The reported pain relief in our study is consistent with the literature, where a decrease of more than 2 points on the NRS was deemed a good pain relief after (22). A study with out-of-hospital use of nasal Fentanyl showed also an average reduction of 3 points on the NRS, concluding that nasal Fentanyl is effective for analgesia in the pre-hospital phase (23). Only few studies evaluated analgesia with Nalbuphine in the prehospital setting, however with conflicting results. When given by paramedics out-of-hospital, IV or IM Nalbuphine reduced pain by 5 points on the NRS (24), while the same strategy resulted in excessive Morphine requirements after hospital admission in a case series. That study even reported less decline in pain scores after further administration of analgesics in the emergency department in prehospital Nalbuphine patients (25), which is in accordance with a case review that described increased opioid requirements after Nalbuphine (15). In fact, this is expected because the mixed agonist / antagonist effects of Nalbuphine, with agonistic effects on the κ-receptors and antagonistic effects on the µ-receptor (9). Therefore, if analgesia is continued with pure µ-receptor agonists, an increased dose is needed to overcome the antagonistic effect exerted by Nalbuphine. Our study could not follow up patients after hand-over to EMS / HEMS personnel. Another possible disadvantage of mixed opioid agonist / antagonists is a limited analgesic effect or ceiling effect (9). This could explain that no patient was completely free of pain after Nalbuphine with a minimal NRS of one after treatment.
We did not find any significant differences between genders regarding pain intensity before or after Nalbuphine, regardless of the administered dose. There is some evidence that Nalbuphine has a pain facilitating effect in males, at least if it is administered in small doses of 5 mg (26), an effect we did not observe. There was a predominance of males in our study (58.8% vs 41.2%) which is consistent with the average distribution of injured people on Swiss ski slopes (56.6% male vs 43.4% female) (27). We observed only a few minor side effects. Although unlikely, the risk of respiratory depression exists also following Nalbuphine (9) (13) (14), but this was not reported in our study. Interestingly, in our study only 15% reported a bad satisfaction with Nalbuphine even though the number of patients who reported a good analgesic effect was high (60.0%). This phenomenon was already described in labouring women treated with Nalbuphine; only 54–57% of the parturient women experienced good pain relief but 78% were willing to have the same treatment in a subsequent birth (12). This could possibly be explained by a reported feeling of relaxation, more than pain relief (12). There is also evidence that satisfaction with opioid treatment seems to be influenced, at least in part, by a rapid onset (13). Nasally administered drugs are normally well absorbed and show a rapid onset of action due to the rich blood supply and large surface of the mucosa, bypassing of a first-pass-effect and, maybe at least in part bypassing the blood-brain-barrier (18).

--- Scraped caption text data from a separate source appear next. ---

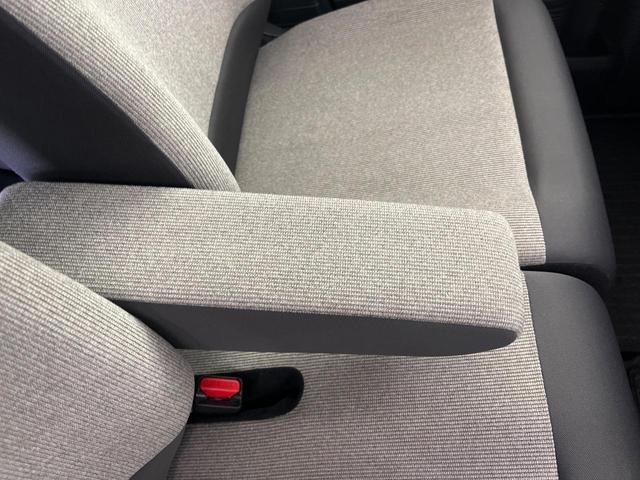 N-BOX ベースグレード 電動スライドドア ホンダセンシング アダプティブクルーズ 禁煙車 コーナーセンサー スマートキー LEDヘッド オートハイビーム レーンアシスト オートライト オートエアコン ロールサンシェード(41枚目)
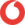 050 224 14 15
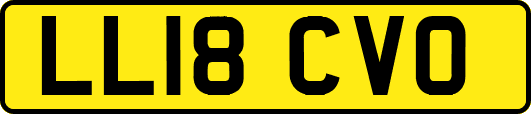 LL18CVO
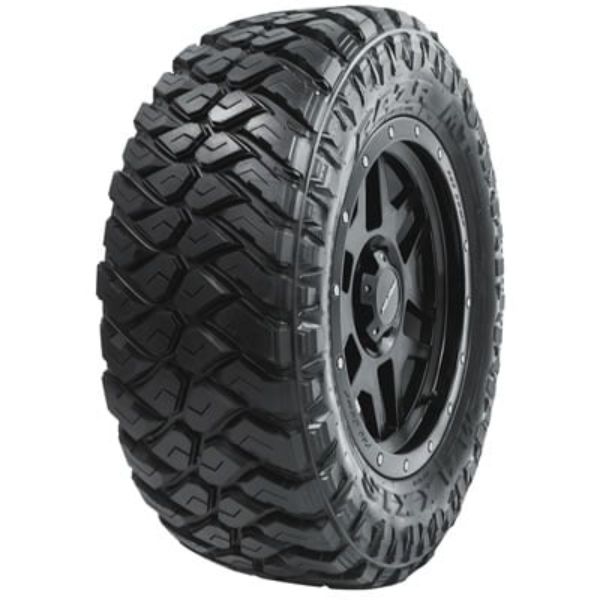 LT315-70R17 8PR RBL MT-772 RAZR MT Tire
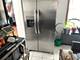 5536 S Albany, Chicago, IL 60629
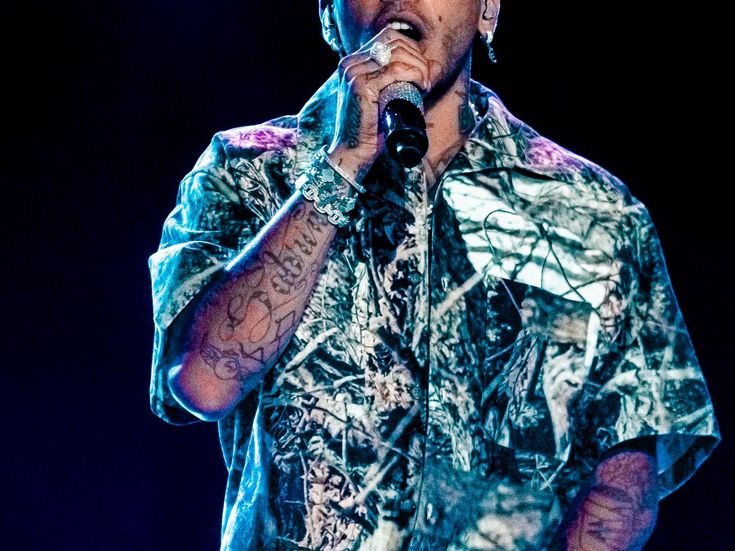 Sfera Ebbasta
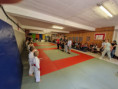 /album/vereinsmeisterschaft-2026/dcc0feb7-d06c-406e-8aa4-5278be23f6eb-jpeg1/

Our study has some limitations. We mainly observed traumatic shoulder and knee injuries, which is expected with the predominance of our study sites being in Swiss ski resorts (27). There could be a bias in data collection because it was performed directly by FR. If a patient felt sympathies for his rescuer, it is possible that the answers have been whitewashed, in particular regarding qualitative outcomes such as overall satisfaction. Although the qualitative pain reduction from each patient was reported, there were missing NRS values after Nalbuphine 10.5% (n = 28) of the patients, which is to be expected in an observational study in the pre-hospital setting. There was also a predominance of the male gender; this could have had an influence on the described pain reduction. We observed only a few minor side effects with Nalbuphine. However, we did not follow up the patients, and we cannot prove that Nalbuphine administration is always safe.